The name Eric Wagner is one that is held in high esteem in my book of doom. His former band, Trouble, made a handful of classic doom metal albums, most notably 'Psalm 9' from 1984, the self-entitled album from 1990, 'Manic Frustration' from 1992 and 'Plastic Green Head' from 1995. When I saw finally saw Trouble at Wacken a few years back, I was happy as a chipmunk with a big bag of peanuts, even if this was the Kory Clarke version of the Chicago doom squad. I did wonder, of course, if the experience could have been a tad better with the original voice of the band.
Wagner does have a special voice, and of course it comes out on this first full album from Blackfinger. The single 'All The Leaves Are Brown' was released in 2011, the song also being included on the album.
A voice like that is both a blessing and a curse. Listening to the Blackfinger debut, you can't help comparing the album to Wagner's past, and you can't help looking for similarities. The similarity is very much there, because Wagner's voice is as dominating as it is, and it's difficult to see past it and take the music at face value. I constantly think of Trouble when listening to Blackfinger, that's just the way it is, even if I also acknowledge that only two or three songs actually sound very much like Trouble songs. There are quite a few quiet songs on this album, and they tend to sound less Trouble than the heavier songs where the guitar sound is very close to that of the doom legends. This is the case with for example Yellowood, Here Comes the Rain and My Many Colored Days.
Again, the characteristic voice can be a blessing and a curse. Wagner's voice is an acquired taste, and I always liked it. However, that said, there are, in my humble opinion, a couple of misses on the Blackfinger album. In the song Yellowood the good old voice of doom is something I can only regard as downright out of key in a couple of (important) instances, and it kind of ruins the song for me. Later, in Till Death Do Us Part, he simply doesn't get the pitch right according to the tuning of the guitars. This is naturally a trifle disappointing for an old fan like yours truly.

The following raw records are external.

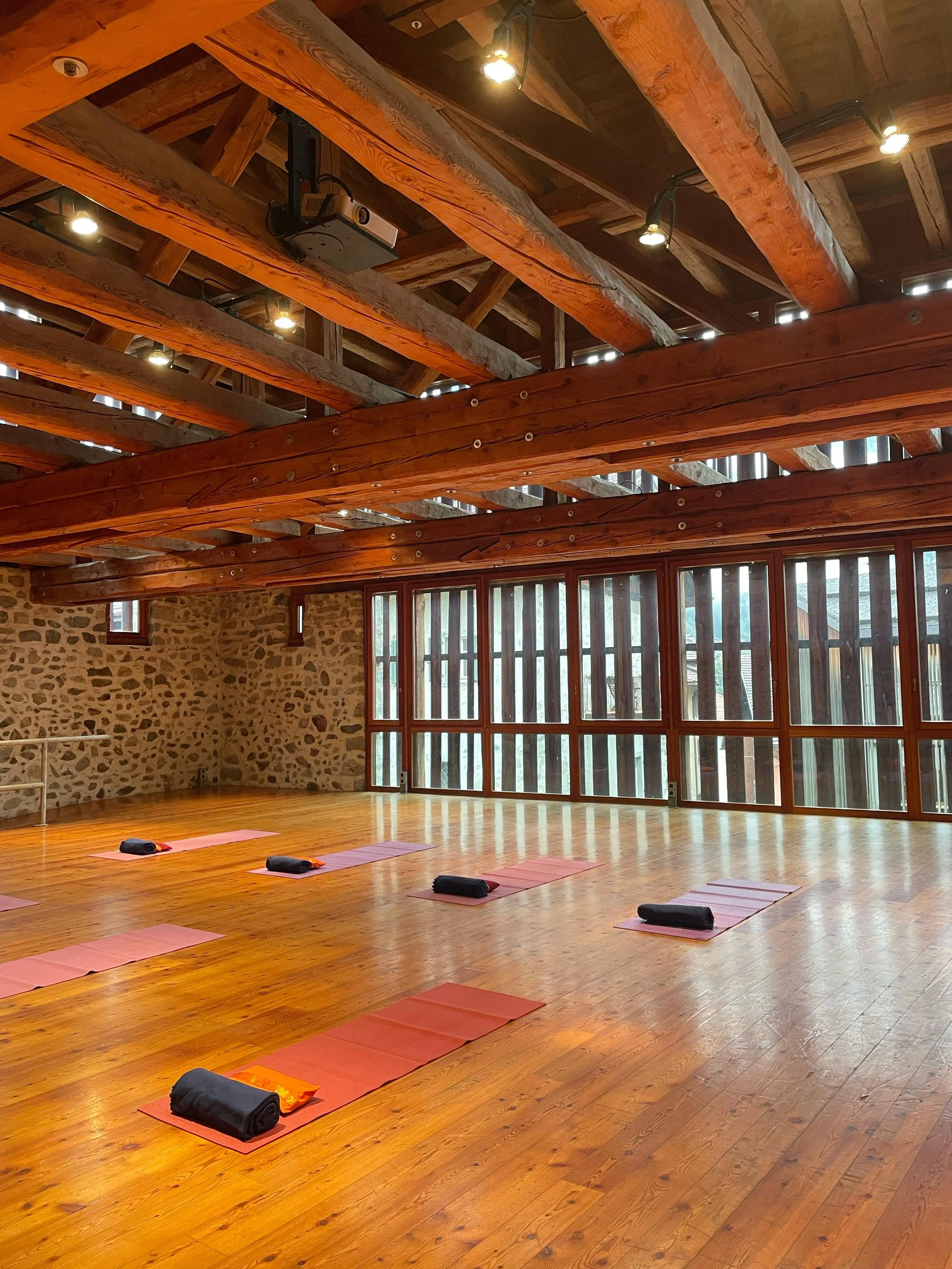 Sala per yoga o meditazione con tappetini arancioni, copertine nere e blocchi sopra di essi, grande finestra con pannelli di vetro, pareti in pietra e soffitto in legno con travi di supporto.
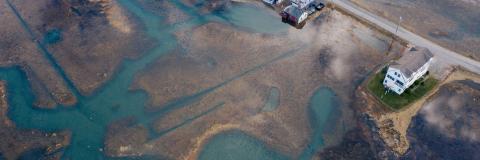 An aerial view of a marsh at high tide and a house with a thin ring of lawn separating it from the waterline against a road through the marsh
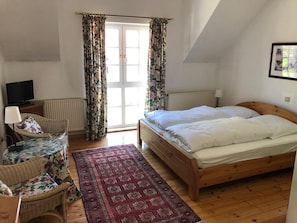 A bedroom with a wooden bed, a chair, a television, and a window with curtains. - Gutshof Eucken (Algermissen)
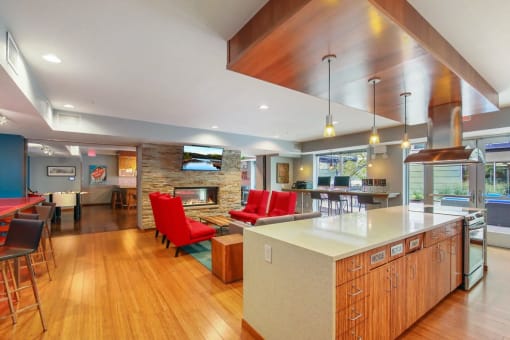a large kitchen with a bar and a living room with a fireplace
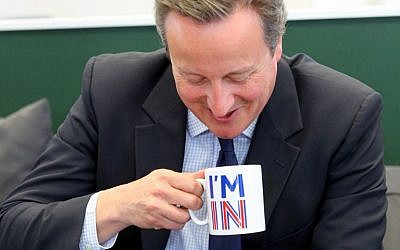 Britain's Prime Minister David Cameron sips from an "I'm In" mug as he meets television presenters Jeremy Clarkson and James May during a visit to W Chump & Sons Ltd TV studio in west London on June 16, 2016 ahead of the EU referendum as the prime minister campaigns to avoid a Brexit. (AFP PHOTO / POOL / Gareth Fuller) Britain's Prime Minister David Cameron sips from an "I'm In" mug as he meets television presenters Jeremy Clarkson and James May during a visit to W Chump & Sons Ltd TV studio in west London on June 16, 2016 ahead of the EU referendum as the prime minister campaigns to avoid a Brexit. (AFP PHOTO / POOL / Gareth Fuller)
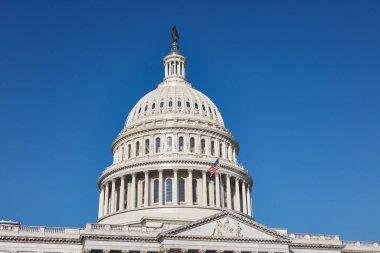 Washington, D.C. 'deki Birleşik Devletler Kongre Binası' nın sembolik kubbesi. Amerikan bayrağı kubbenin önünde dalgalanıyor. Parlak, berrak bir mavi gökyüzüne yakalanmış.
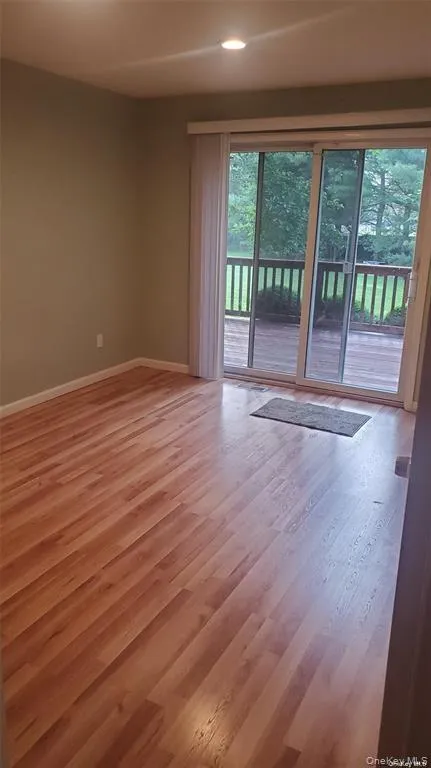 Empty room with light wood finished floors and recessed lighting Empty room with light wood finished floors and recessed lighting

Apart from that, there is a lot of beautiful, low key, melancholy material on 'Blackfinger', and this beauty and melancholy is really what drives the album. The album opener, I Am Jon, is an astonishing piece and quite frankly worth all the money if you consider purchasing this album.
In sum, the debut from legendary doom voice Eric Wagner's new band, Blackfinger, isn't as powerful in its entirety as one could have hoped for, but it certainly has beautiful moments full of appropriate amounts of melancholy. Go check it out.